Commentary: The Canadian Minister of Transport says the drone was flying out of legal limits.

Technically Incorrect offers a slightly twisted take on the tech that's taken over our lives.


No drone zone in Gdansk, Poland

It is not currently known what sort of drone was involved.

NurPhoto

It was, says the Canadian Minster of Transport, the first time it's happened in Canada.

In a statement issued on Sunday, Marc Garneau revealed that on Thursday, a Skyjet flight was struck by a drone as it approached Jean Lesage International Airport in Québec City.

"I am extremely relieved that the aircraft only sustained minor damage and was able to land safely," said Garneau.

The Ministry of Transport told me that the aircraft was a Beech 100 King Air. The drone has not been identified. 

Garneau told CBC that "it could have been much more serious" had the drone struck an engine or the cockpit.

He said the drone had been flying 3 miles from the airport at 450 meters (around 1,500 feet). This is 150 meters above the legal limit. There were eight passengers on the plane.

Since drones became commonplace, there have been increasing reports of the unmanned aerial vehicle endangering aircraft.

Some have been reported as near-misses. Some pilots have been convinced that a drone has struck their plane, although the actual presence of a drone was never confirmed.

Indeed, earlier this year, the Federal Aviation Administration declared that it had seen no verifiable evidence that a drone had ever struck a plane.

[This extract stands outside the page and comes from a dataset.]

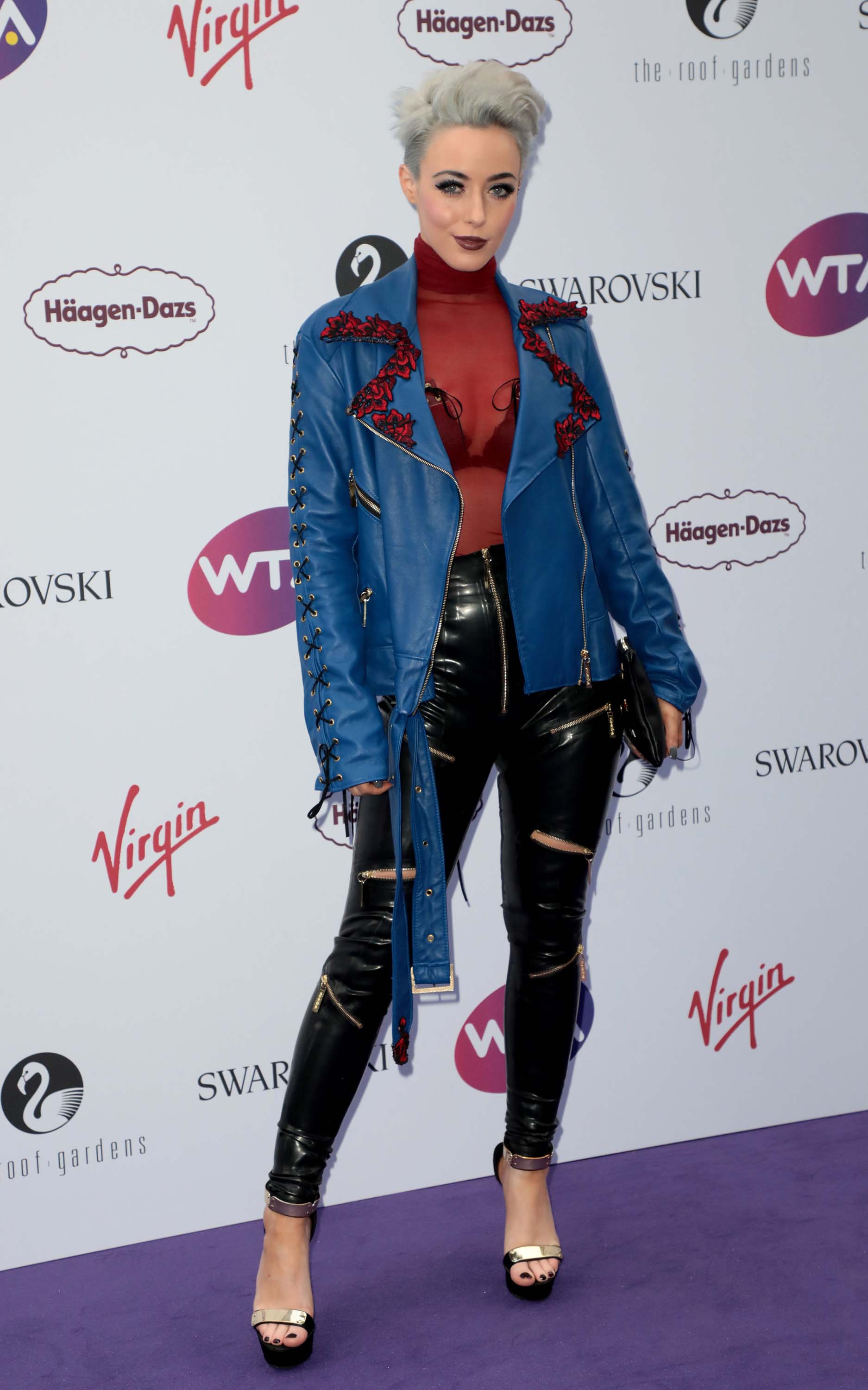 Hatty Keane attends WTA Pre-Wimbledon Party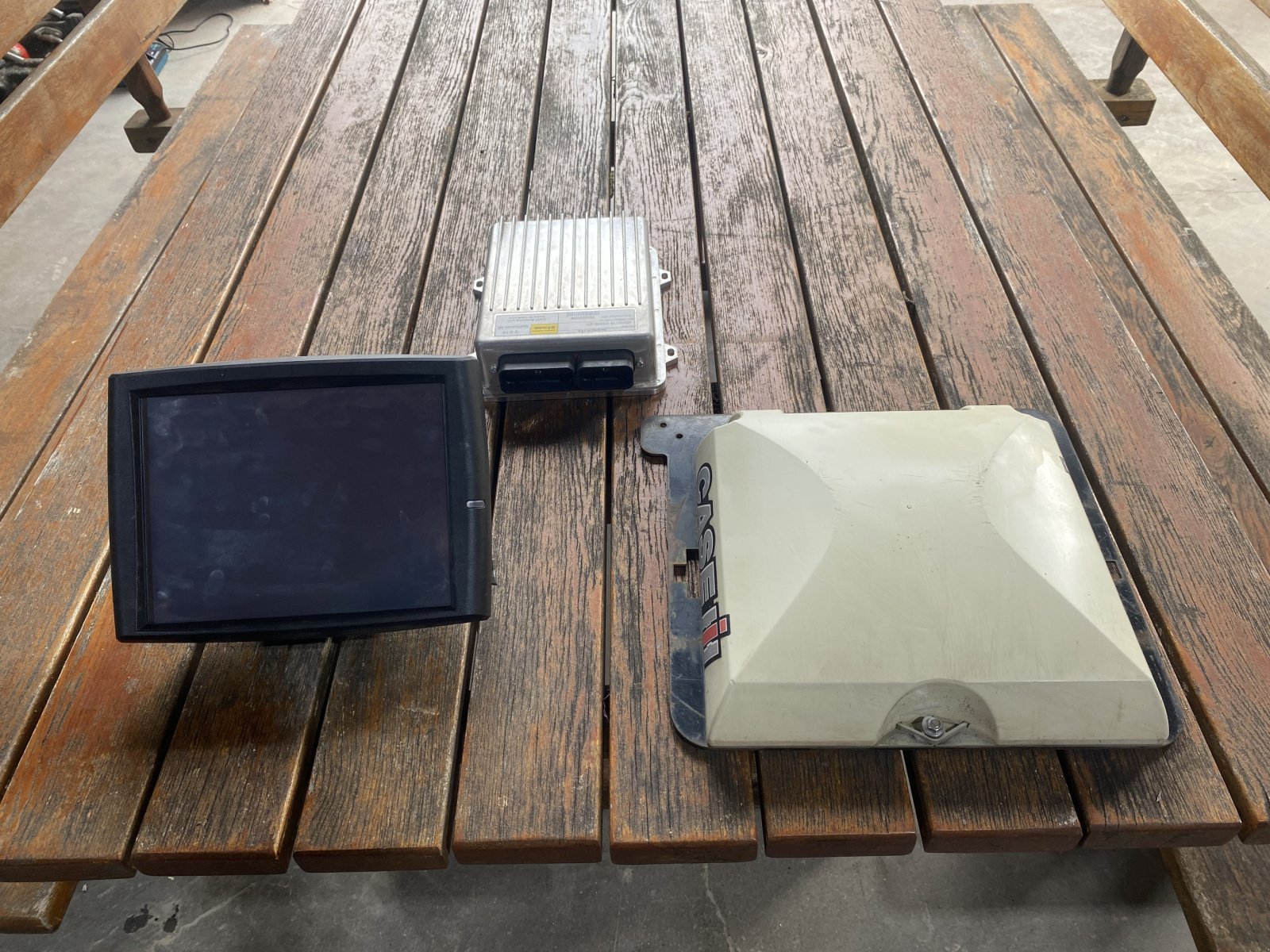 Sonstiges Traktorzubehör типа Trimble DGPS FMX, Gebrauchtmaschine в Sierning (Фотография 1)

"Every investigation has found the reported collisions were either birds, impact with other items such as wires and posts, or structural failure not related to colliding with an unmanned aircraft," it said.

In September, however, two army helicopters were struck by a drone over Staten Island

The FAA's rules state that no drone should fly over 400 feet nor anywhere near airports or aircraft. To fly within 5 miles of an airport, you need permission.

Some pilots, however, insist that drones aren't the problem that many would believe. Commercial pilot Chris Manno, for example, insists that there are hundreds of bird strikes a year, but few lead to any damage.

Some drone operators simply cannot help being irresponsible, however. With wildfires still raging in California's Napa and Sonoma wine regions, the National Weather Service had to remind casual drone operators to keep away.

In Canada, Garneau insisted that drones were a menace. 

"It is important to point out aircraft are particularly vulnerable when they are coming in [for landing] … and during take-off," he said.

First published Oct. 15 5:38 p.m. PT.

Update, 5:40 p.m.: Adds response from Ministry.